Q. David Bowers
Trygve A. Rovelstad made arrangements soon thereafter to return 5,000 unsold coins to the Mint for melting. L.W. Hoffecker's inventory of 250 or so coins lasted a long time. (L.W. Hoffecker's records reveal that in early 1948 his Watkins Coin Company still had a stock of Elgin commemorative half dollars on hand for sale and was selling them for $2.25 each. Earl C. Schill, a Detroit dealer, bought 10 of them at that price on February 26; Miss Kathleen Coen, a Michigan collector, bought 3 on March 12.) Apart from the illogic of their distribution in distant El Paso, nothing untoward was associated with the distribution of the Elgin Centennial half dollars, and certainly at the Illinois end of the deal sculptor Trygve A. Rovelstad's intentions and ethics were of the highest order. L.W. Hoffecker distributed the pieces in a skillfully orchestrated publicity campaign and did as well as anyone could have done at the time. Trygve A. Rovelstad netted about $8,000 from the sale of the half dollars enough to keep the work going on the Pioneer Memorial as it awaited government funds (which never came) to make its completion possible.

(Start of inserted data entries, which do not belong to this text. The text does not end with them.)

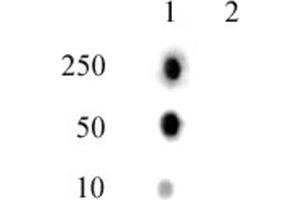 Histone H2A phospho Thr120 pAb tested by dot blot analysis. (Histone H2A Antikörper  (pThr120))
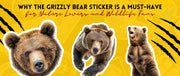 Grizzly Bear Sticker
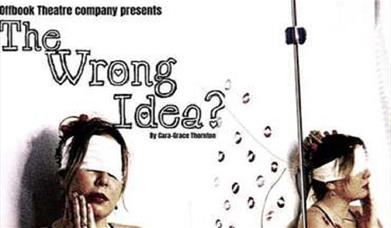The Wrong Idea?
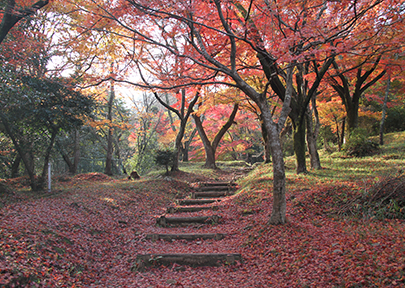 霞間ヶ渓登山道紅葉の写真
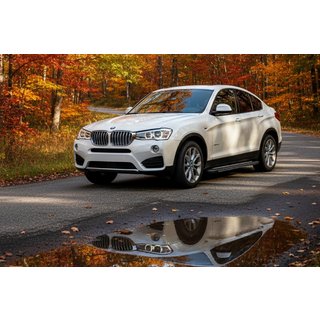 Side Steps Bosphore Grey (2 pcs, Aluminum) BMW X4 F26 2014-2018 photo 1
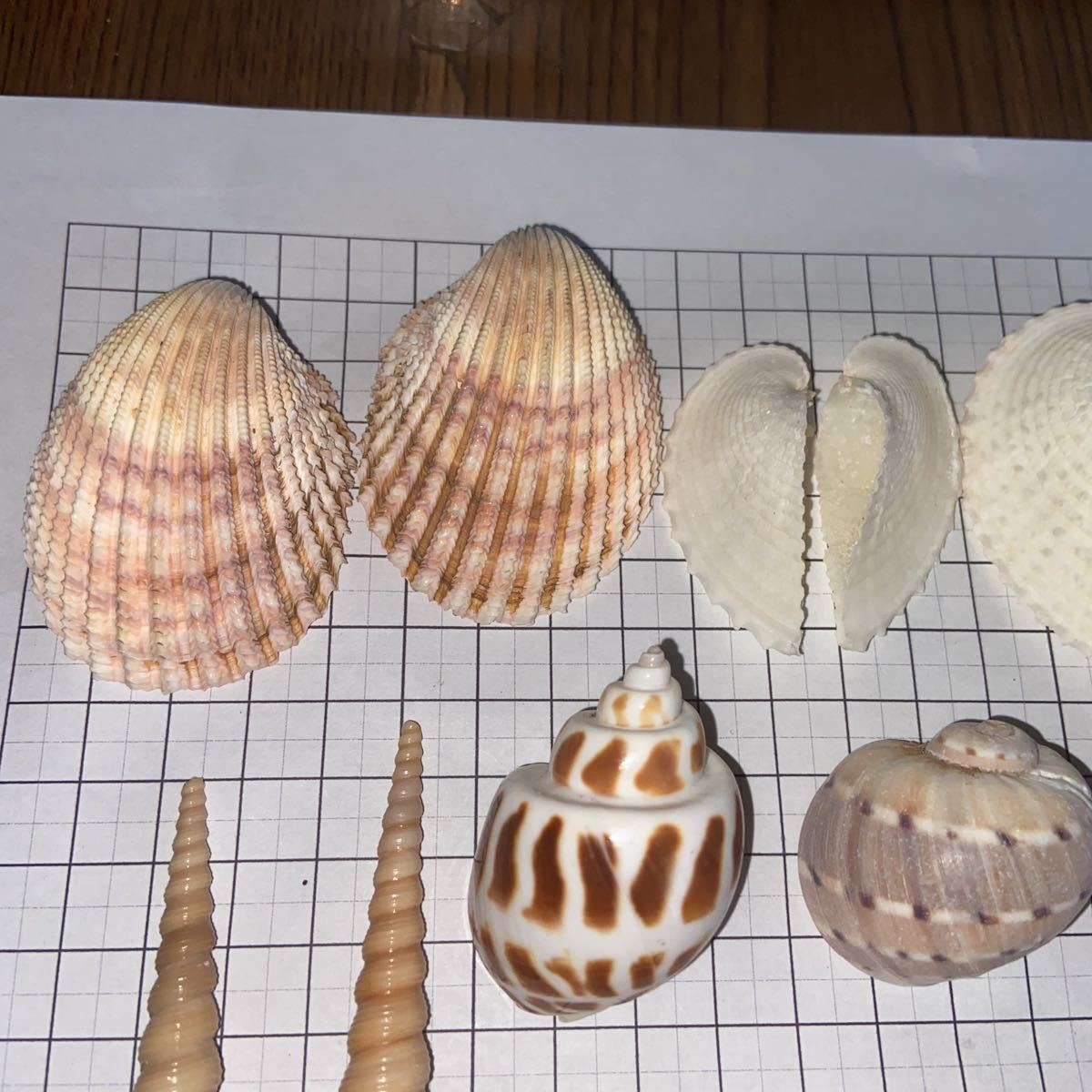 貝標本 リュウキュウアオイ キリガイ タケノコガイ ナガザルガイ シカダカラ ハリサザエ フロガイ セムシウミウサギ 科学 自然 売買されたオークション情報 Yahooの商品情報をアーカイブ公開 オークファン Aucfan Com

Collecting Elgin Half Dollars
Elgin half dollars seem to have been handled with particular care at the time of minting with the result that the pieces have fewer bagmarks than seen on many others of the same era. The surfaces of the many 1936 Elgin half dollars have a mattelike appearance (seemingly a combination of a lustrous business strike and a Matte Proof) quite different from other commemorative issues of the year. Others are fairly frosty. Chief Engraver Sinnock made a few Matte Proofs at the Mint by pickling coins in acid (see above text).
The mattelike surface of the Elgin half dollar has permitted such pieces to with-stand repeated dipping better than most. Nearly all surviving Elgin half dollars are in Mint State, for nearly all were sold to numismatists to begin with. Sales to the general public were negligible. Typical coins grade in the MS-63 or better range and are fairly plentiful today.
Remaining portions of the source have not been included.